Retinitis Pigmentosa

Retinitis pigmentosa (RP) is a disease condition that was first identified and named by Dr. Donders in 1857.

Also known as (RP,) this group of genetic disorders that affect the retina’s ability to respond to light. This inherited disease causes a slow loss of vision, beginning with decreased night vision and loss of peripheral (side) vision. This terrible eye disease is a group of related conditions that are progressive and clinically distinctive. These conditions share a similar feature of dystrophy or damage to the photoreceptors of the retina and of the pigment epithelium underneath the photoreceptors. As we have discussed throughout the retina section of this website, the retina is a critical component of the eye responsible for interpreting images and transmitting them onto the brain. Eventually, blindness results from this eye disease. We are sorry to report that unfortunately, there is no cure for retinitis pigmentosa.

Retinitis Pigmentosa (RP) – Causes

Retinitis pigmentosa is an inherited disease that has many different modes of inheritance. It is known to be caused by more than 100 different genetic mutations. Retinitis pigmentosa, with any inheritance pattern, may be either familial (multiple family members affected) or isolated (only one affected person).

Retinitis Pigmentosa (RP)- Symptoms

• Decreased vision at night or in low light
• Loss of side (peripheral) vision
• Loss of central vision (in advanced cases)

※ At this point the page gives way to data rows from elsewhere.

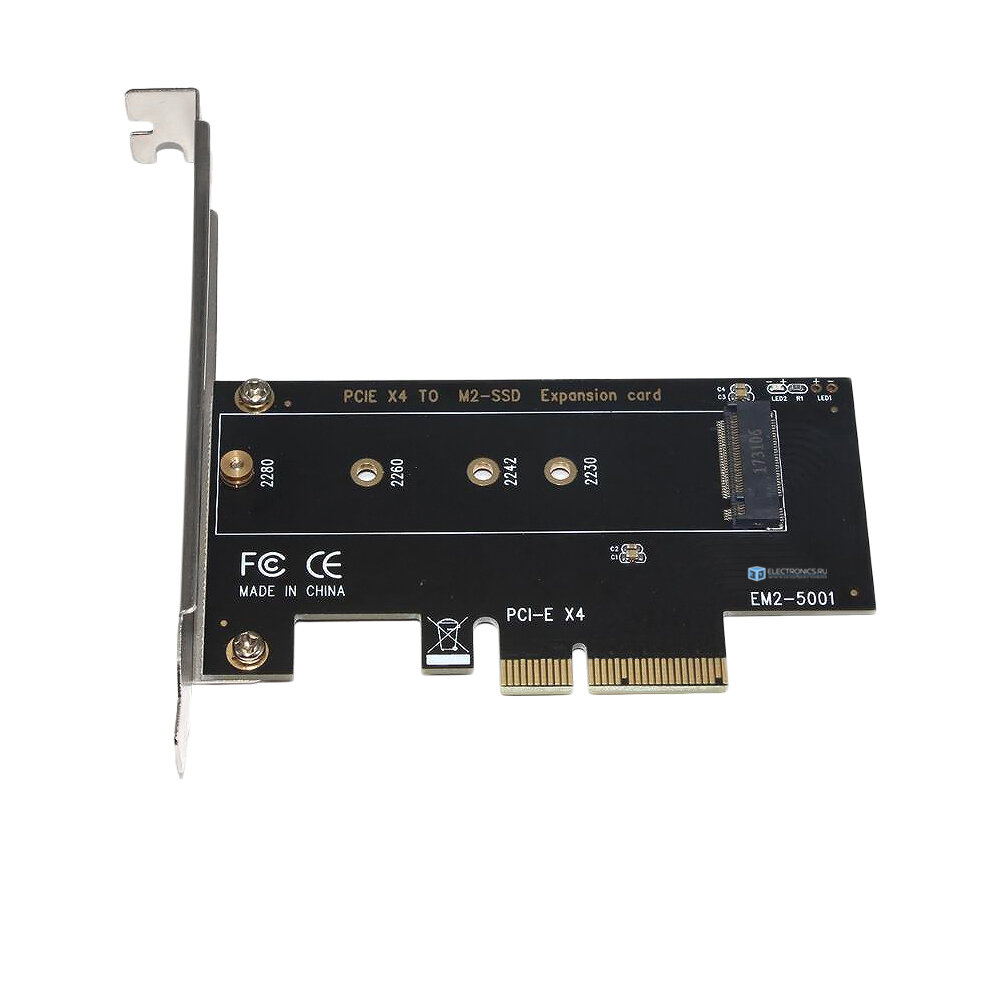 Адаптер для установки SSD M.2 (NVMe) в слот PCI-E 3.0 x4 — фото 1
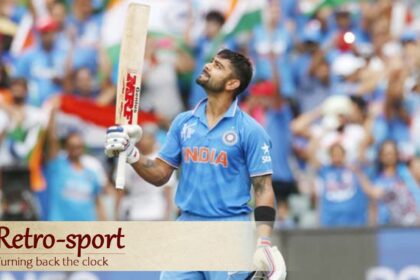 Virat Kohli became India's first centurion against Pakistan in World Cups during 2015 ODI WC in Adelaide. (PHOTO: REUTERS)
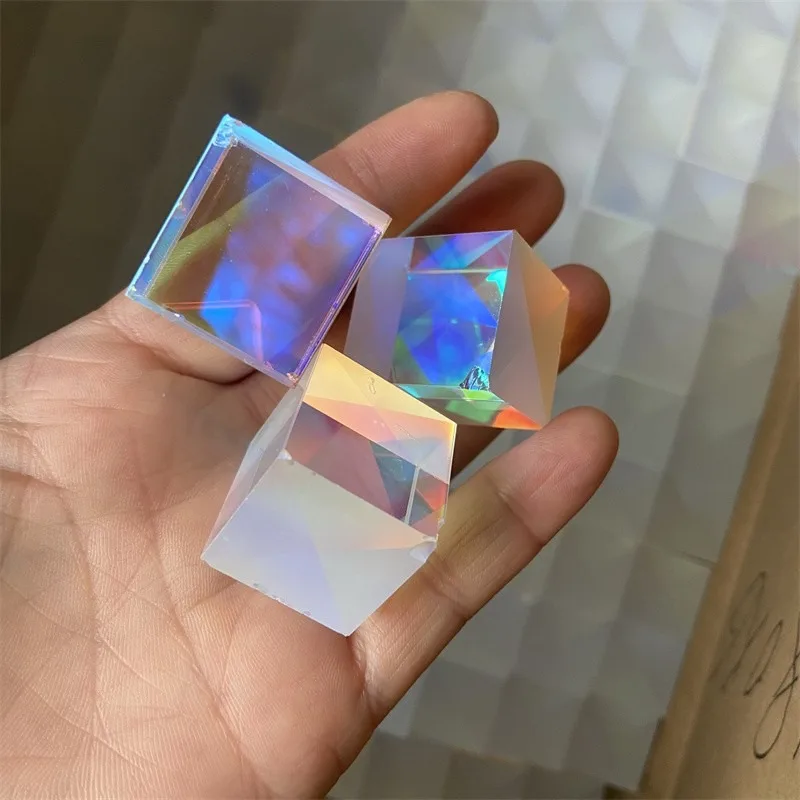 4pcs 22x22x23mm Defective Dichroic X-Cube Prism RGB Combiner Splitter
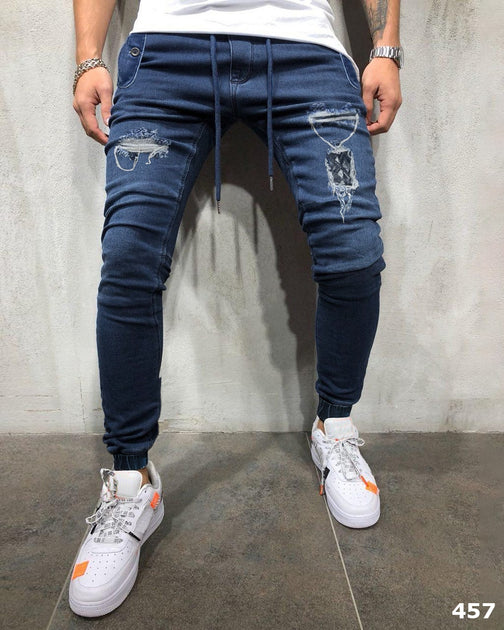 Denim sales house joggers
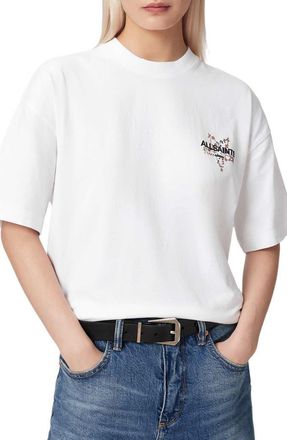 AllSaints Pentacle Etta Logo Graphic T-Shirt in Optic White at Nordstrom, Size X-Small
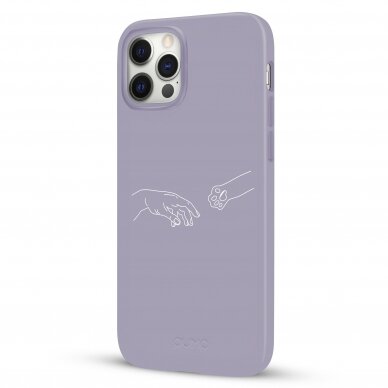 iPhone 12 / 12 Pro dėklas Pump Silicone Minimalistic "Creating" 3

Retinitis Pigmentosa (RP) – Treatment:

There are no medications or surgery to treat retinitis pigmentosa. However, researchers continue to seek possible treatments. In 2004, scientists injected stem cells to the back of mouse eyes and stopped retinal degeneration. Scientists are also exploring the possibility of retinal transplantation. Some doctors believe vitamins A and E will slightly slow the progression of the disease in some people. However, large doses of certain vitamins may be toxic and affected individuals should speak to their doctors before taking supplements.

If a person with RP must be exposed to bright sunlight, some doctors recommend wearing dark sunglasses to reduce the effect on the retina. Affected people should talk to their eye doctors about the correct lenses to wear outdoors.